For others, however, we share an altogether different relationship with our clothes.
A fashionable one.
Fashion is word which strikes fear into the hearts of many. The image of 6ft models sashaying down Paris and Milan catwalks in bizarre, super-human creations such as those infamous 12-inch heels made famous by Lady Gaga. Hoards of image-conscious shoppers gathered in gigantic crowds outside high-street fashion stores like Topshop, desperate to get their hands on the new collection by Kate Moss. Or perhaps thinking about fashion brings up images of Gok Wan trying to wedge some poor female into an overly-fitted dress with a pair of too-high high heels in attempt to steer her away from a doomed life of unfashionable dressing.
However, such images are only clichés. For me, and I suspect a lot of other people as well, I see fashion as simply utilising clothing as a way in which to express myself. Clothes equal confidence. They make me feel better in my own skin. Put simply, nice clothes make me a happier person. Taking pride in your clothes doesn’t mean you need to be a slave to the latest trend; I’m not forever throwing out old items just because they’re not ‘in season’ anymore. When I find a piece that I love, I’ll nearly always keep it (and wear it) for years to come.
In fact – and this might sound strange coming from someone who loves clothes – I don’t even purchase that many new pieces each month.
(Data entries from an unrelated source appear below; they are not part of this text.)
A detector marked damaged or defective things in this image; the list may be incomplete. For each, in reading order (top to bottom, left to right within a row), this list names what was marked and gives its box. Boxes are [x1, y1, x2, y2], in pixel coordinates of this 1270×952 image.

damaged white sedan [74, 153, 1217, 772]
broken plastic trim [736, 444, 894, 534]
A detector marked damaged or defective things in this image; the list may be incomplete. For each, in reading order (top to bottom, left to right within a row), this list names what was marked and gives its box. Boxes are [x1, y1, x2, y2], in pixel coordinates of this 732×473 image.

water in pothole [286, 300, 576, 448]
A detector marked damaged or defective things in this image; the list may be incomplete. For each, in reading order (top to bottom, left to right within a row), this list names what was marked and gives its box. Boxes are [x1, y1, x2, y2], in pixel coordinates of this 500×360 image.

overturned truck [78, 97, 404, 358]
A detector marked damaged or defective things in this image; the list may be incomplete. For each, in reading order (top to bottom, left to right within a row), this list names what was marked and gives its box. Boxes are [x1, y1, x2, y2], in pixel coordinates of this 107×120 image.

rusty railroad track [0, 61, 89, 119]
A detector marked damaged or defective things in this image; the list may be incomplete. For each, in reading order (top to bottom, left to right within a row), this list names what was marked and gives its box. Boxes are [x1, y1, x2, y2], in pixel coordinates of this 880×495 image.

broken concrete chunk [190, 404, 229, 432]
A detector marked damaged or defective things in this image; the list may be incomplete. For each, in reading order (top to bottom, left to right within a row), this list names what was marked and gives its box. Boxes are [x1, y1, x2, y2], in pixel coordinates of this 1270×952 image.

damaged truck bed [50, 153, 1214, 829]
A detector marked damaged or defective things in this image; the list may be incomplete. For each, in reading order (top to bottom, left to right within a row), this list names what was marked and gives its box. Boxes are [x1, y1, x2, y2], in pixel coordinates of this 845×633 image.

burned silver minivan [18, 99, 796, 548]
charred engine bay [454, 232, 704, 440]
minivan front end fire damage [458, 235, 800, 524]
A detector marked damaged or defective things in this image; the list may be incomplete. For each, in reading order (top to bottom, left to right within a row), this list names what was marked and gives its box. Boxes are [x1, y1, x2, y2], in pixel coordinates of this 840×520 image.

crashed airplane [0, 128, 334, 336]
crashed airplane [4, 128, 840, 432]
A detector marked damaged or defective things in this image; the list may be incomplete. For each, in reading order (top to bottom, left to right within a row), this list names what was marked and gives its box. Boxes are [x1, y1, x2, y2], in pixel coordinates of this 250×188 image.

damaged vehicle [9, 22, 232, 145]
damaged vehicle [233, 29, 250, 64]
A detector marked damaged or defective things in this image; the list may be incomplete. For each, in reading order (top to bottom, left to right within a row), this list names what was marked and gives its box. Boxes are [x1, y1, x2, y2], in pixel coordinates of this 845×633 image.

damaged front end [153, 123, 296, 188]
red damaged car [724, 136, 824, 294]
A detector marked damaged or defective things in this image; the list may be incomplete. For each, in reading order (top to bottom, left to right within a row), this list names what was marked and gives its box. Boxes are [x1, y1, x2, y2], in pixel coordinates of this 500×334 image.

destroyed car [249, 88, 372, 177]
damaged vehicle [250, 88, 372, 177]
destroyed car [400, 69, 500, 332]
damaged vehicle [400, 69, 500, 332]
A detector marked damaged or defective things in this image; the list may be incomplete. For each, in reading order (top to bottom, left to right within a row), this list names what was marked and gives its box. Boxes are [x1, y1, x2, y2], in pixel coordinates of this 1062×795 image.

I prefer to make informed choices about what I want to purchase and build up a small but quality collection over a period of time. In this age of super-cheap high street stores and throwaway fashion, there’s something refreshing in spending a little bit more money on a good quality pair of jeans that you love as opposed to three pairs of bargain ones. At least they’ll last you more than a few months – and that’s nothing to do with being a fashion snob, it just makes much more practical and economic sense.
If you don’t want to spend a fortune on designer clothing, then if you walk a little further out of the town you’re shopping in you’re almost guaranteed to find a vintage store or charity shop crammed with gems. Whatever town you’re in, there’s bound to be one of these great little shops somewhere just bursting with an array of clothing. Many clothes shops charge the earth for special ‘vintage’ collections, so why not buy the real thing from a second-hand or vintage shop and save a pretty penny? Plus, you’ll be doing your bit for charity.
In a small local charity shop I once found a beautiful real leather coat, the purchase price at the time was covered by a five pound note. I thought it was probably moderately expensive had I bought it new, so out of interest I looked up the retail price online. I was astounded when I realised just how much money a similar quality coat would have cost me to buy new had I not stumbled upon one by chance. Since then I’ve found countless designer brands hiding away in these brilliant little shops, from Dior to Chanel and Vivienne Westwood and Gucci.
You might think that the image of a little charity shop tucked away in a small town seems a world away from the stereotypical fashion ‘world’ I described at the start of this feature. But that’s the beauty of fashion – it is what you make of it; whether you buy your collections at soon as they hit the rails in designer shops or whether you build a collection up slowly from vintage stores and charity shops.
If something as simple as that can give so much pleasure, surely it can only be a good thing!